Syngenta AG investors who were courted by Monsanto Co. Chief Executive Officer Hugh Grant across Europe last week will next shift focus to their company’s earnings report as they weigh the merits of a $45 billion bid by the U.S. rival.
A strong set of numbers would help buttress Syngenta’s dismissal of the deal, which it has called simplistic and doomed to fail with regulators, while a weaker turnout could provide Monsanto with fresh ammunition for its lobbying. Syngenta reports numbers for the first half on July 23, and Monsanto will probably refrain from making another move until after the earnings, said people familiar with the matter, who asked not to be identified as considerations are private.
“Monsanto has been on a big charm offensive, in the U.S., Europe and even places like Rotterdam,” said Patrick Rafaisz, an analyst at Vontobel, who is still reviewing his estimates for the Swiss agrochemical company. “If Syngenta’s results are poor, that would certainly underpin Monsanto’s case.”
A Syngenta spokesman declined to discuss earnings before they are due, while Monsanto’s representatives declined to comment on the next steps.
The overtures of Grant have so far failed to convince his counterpart at Syngenta, Mike Mack, and its board to engage in talks and open books as a prelude to a possible sweetened offer. Mack in May rejected the 449 Swiss franc-a-share offer, saying that the bid is too low as the company is set to benefit from new products and a strong pipeline of innovative crop protection offerings.

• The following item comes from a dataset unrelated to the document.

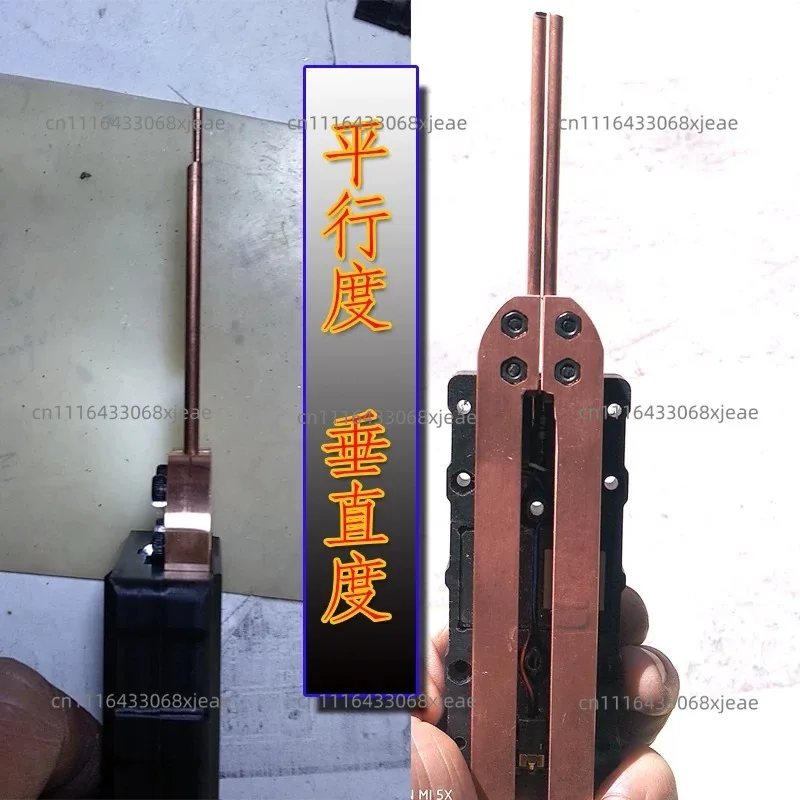 Handheld Spot Welding Pen Accessory for Double Slider Flat Press Welder with Automatic Trigger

Syngenta shares climbed 2.2 percent to 392.8 francs as of 3:33 p.m. in Zurich, in a broad rally of European stocks. Monsanto added 1.3 percent in New York.
Before Monsanto’s approach became public at the end of April, Syngenta had fallen about 5 percent this year, in line with Monsanto’s performance. Still, the U.S. company has given investors more steady annual returns, gaining in each of the last four years, while Syngenta has declined both in 2014 and the prior year.
Rafaisz predicts Syngenta’s results will likely suffer from a challenging market, similar to other seeds and crop-chemical makers. With crop chemicals, a dry growing season in Europe has been good for insecticide sales, but bad for fungicides more needed in damper conditions.
Even if Syngenta delivers a strong set of numbers, Monsanto will look to highlight the Swiss company’s under-performance over recent years when the team meets investors in Europe, two people said. With the report not due for another two weeks, Grant may have enough time to return to Europe beforehand to keep the momentum going, another person said.
Grant said this month that he would need more information about Syngenta’s company before making a higher bid. The executive also said he doesn’t regard a hostile offer as a viable option, though he has pointed out that a big enough pool of disgruntled investors could call an extraordinary shareholders’ meeting to try and replace board members.
Syngenta Chairman Michel Demare said last month that his company would entertain what it called a “serious offer.” Refusal to open its books complicates Monsanto’s takeover strategy because the lack of due diligence makes it harder to find a buyer for assets that would need to be sold to meet expected antitrust hurdles.
A deal would turn Monsanto, a U.S. maker of genetically modified seeds and weedkillers, into the largest player in both seeds and crop chemicals. Monsanto, which timed its approach with a lull in Syngenta’s share price performance amid currency moves and lower crop prices, has pledged to sell Syngenta’s seed and genetically engineered traits as well as any overlapping chemicals to win regulatory approval.
“While friendly is becoming less likely day after day and hostile is as good as off the table, Monsanto continues to pursue this deal with remarkable passion,” Rafaisz said. “It is probably going to take longer than previously assumed as Monsanto may have to go the ‘‘semi-hostile’’ way.”